For the third issue, Forsberg and Dumanski argue that our applied LRR scoring threshold is an inappropriate threshold for calling mLOY. While the Correspondence suggests the Forsberg manuscript3 was the first to use a continuous response variable in their analysis, only one analysis of all-cause mortality reported an association with mLRR-Y. The vast majority of reported results in the Forsberg analysis3 focus on an LRR threshold of ≤ −0.4 (~35% of cells) to call mLOY, whereas our analysis used a threshold of ≤ −0.15 (~23% of cells)2. Forsberg describes their choice of threshold as “maximizing the phenotypic effect” and “certainly affect(ing) the results”. Such a method of selecting a LRR threshold could have the unanticipated effect of overtraining the analysis to the data, thus limiting the generalizability of the findings to external populations.

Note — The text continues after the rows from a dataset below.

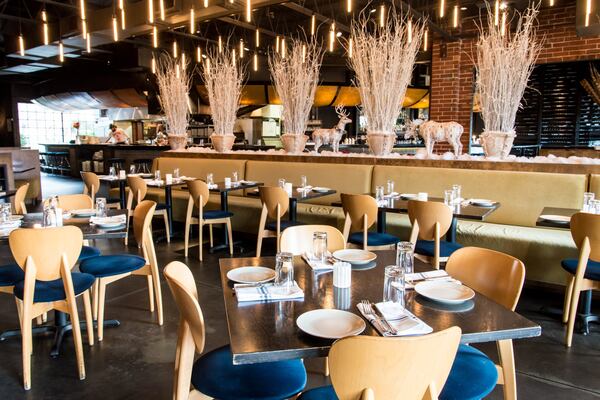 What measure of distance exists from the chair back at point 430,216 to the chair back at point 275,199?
4.34 ft

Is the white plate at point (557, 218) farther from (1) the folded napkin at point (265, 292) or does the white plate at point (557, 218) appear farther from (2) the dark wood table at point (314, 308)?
(1) the folded napkin at point (265, 292)

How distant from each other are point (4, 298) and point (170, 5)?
215 inches

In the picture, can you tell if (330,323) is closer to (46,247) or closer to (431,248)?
(46,247)

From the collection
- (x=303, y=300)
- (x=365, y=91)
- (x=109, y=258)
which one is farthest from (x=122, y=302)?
(x=365, y=91)

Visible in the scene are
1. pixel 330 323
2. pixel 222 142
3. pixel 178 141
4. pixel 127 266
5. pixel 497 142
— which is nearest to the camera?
pixel 330 323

Autosomal analyses by our group and others have robustly detected mosaic events affecting fewer than 10% of cells11–13, indicating the ability to detect mosaicism at lower cellular fractions. To our knowledge, there is no convincing evidence that a specific threshold for mosaic proportion necessarily confers a reproducible and mechanistically proven effect. The haploid Y chromosome lacks B-allele frequency data (other than for the markers present in the relatively small pseudoautosomal and X-transposed regions homologous to the X chromosome), and thus, we agree that justifying the need to be more conservative when selecting an LRR threshold is an important ongoing scientific question, but exactly what LRR threshold or cellular proportion affected has not been established. Rather than using subjective LRR thresholds to call mLOY, we agree for the need to thoroughly explore different LRR thresholds as well as investigate LRR continuously as has been done in some recently published analyses assessing relationships with mLOY6,14,15. To test for an effect of LRR threshold on our published cancer risk and mortality results, we conducted sensitivity analyses based on a LRR of ≤ −0.4. We found no difference in overall analytical conclusions when using this lower LRR threshold (Table 2).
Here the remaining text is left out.